Et il est fort probable que l’on trouve des similitudes dans les malheurs du peuple, qu’il soit anglais ou japonais, lorsque les récoltes sont dévastées, les villages incendiés, les lieux religieux profanés. Dans une guerre civile, il n’y a jamais de « bon camp » pour le peuple.

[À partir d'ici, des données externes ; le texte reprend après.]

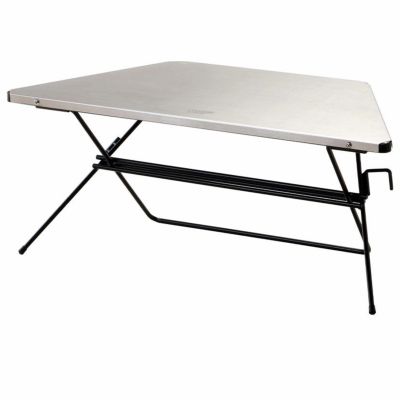 キャンプテーブル Hang Out (ハングアウト) Arch Table Wood Top アーチテーブル ローテーブル ミニテーブル キャンプ アウトドア 台形 テーブル 折りたたみ 軽量 ステンレス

Le roman et la série tissent, devant cette toile de fond de guerre civile, un contexte local particulier, où s’affrontent les ambitions des tenants des trois « ordres » : la noblesse, le clergé et les noyaux urbains. Ainsi, mettre la main sur les recettes d’une foire aux toisons de laine est un enjeu fort entre ces différents pouvoirs. Mais ces pouvoirs ne sont pas monolithiques. Ainsi la noblesse et le clergé sont-ils coupés par les fractures entre le parti de Stephen et le parti de Maud ; obtenir un comté ou le droit d’exploitation d’une carrière ou d’une forêt dépend du bon vouloir du souverain du moment. Par ailleurs, au sein du monastère, devenir prieur, c’est accéder au sommet de la hiérarchie de la communauté ; et certains peuvent se sentir prêts à toutes les compromissions, avec le pouvoir religieux ou avec le pouvoir séculier, pour gravir jusqu’au sommet. Et l’évêque, lui-même, se soucie parfois plus de son pouvoir temporel et des richesses qu’il procure, que du service du Tout-Puissant et du salut des âmes de ses ouailles. Les villes, enfin, cherchent à trouver leur place entre ses différents pouvoirs.

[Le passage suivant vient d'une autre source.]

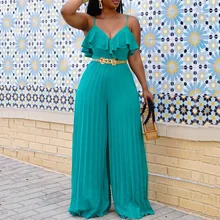 Plus Size Chiffon Jumpsuits and Rompers For Women Large Solid High Waisted Pleated V Neck Elegant Evening Night Party Jumpsuits
Plus Size Chiffon Jumpsuits and Rompers For Women Large Solid High Waisted Pleated V Neck Elegant Evening Night Party Jumpsuits
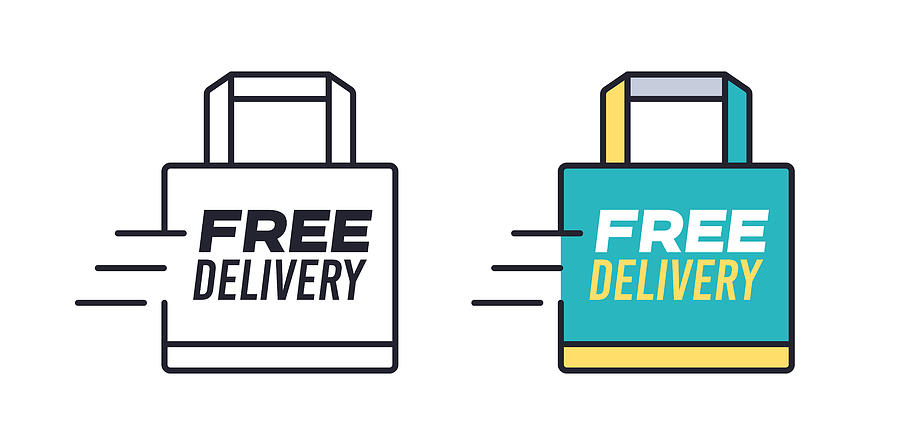 Free Delivery Shopping Bag Drawing by Filo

Jusque-là, me direz-vous peut-être, rien que de très classique finalement, et adaptable à bien des jeux de rôles. Alors pourquoi cela m’a-t-il fait penser plus à Tenga qu’à un autre jeu ? Parce que Tenga tourne beaucoup autour du destin des personnages, de leurs ambitions. De ce qu’ils souhaitent qu’il leur arrive, et de ce qu’il leur arrivera vraiment. Or, les protagonistes des Piliers de la terre sont justement portés par leurs ambitions et leurs destins personnels. Le maître bâtisseur veut construire une cathédrale par amour de cet art, le prieur veut avoir « sa » cathédrale peut-être par orgueil, le noble veut avoir « son » comté par appétit, les enfants d'un autre noble injustement déchu ont juré de reprendre le fief confisqué à leur père, l'évêque rêve de l'archevêché et de la pourpre cardinalice. Certains mourront avant d’avoir atteint leur but, d’autres verront leur souhait devenir réalité. Mais, dans tous les cas, ce sont les moteurs de leurs décisions, de leurs actions, ce qui les pousse à se relever lorsqu’ils sont tombés. Et je me dis que ça, ça pourrait bien correspondre à l’esprit sur lequel Brand a bâti Tenga (sa cathédrale à lui, qu’il peut voir enfin terminée !).

Voilà les premières pistes de réflexion qui m’amènent à penser que Les piliers de la terre sont un terreau propice à y semer les graines d’une « petite » campagne pour Tenga, dans des aventures mêlant histoires personnelles et arrière-plans historiques, moments intimes et moments de bravoure, etc.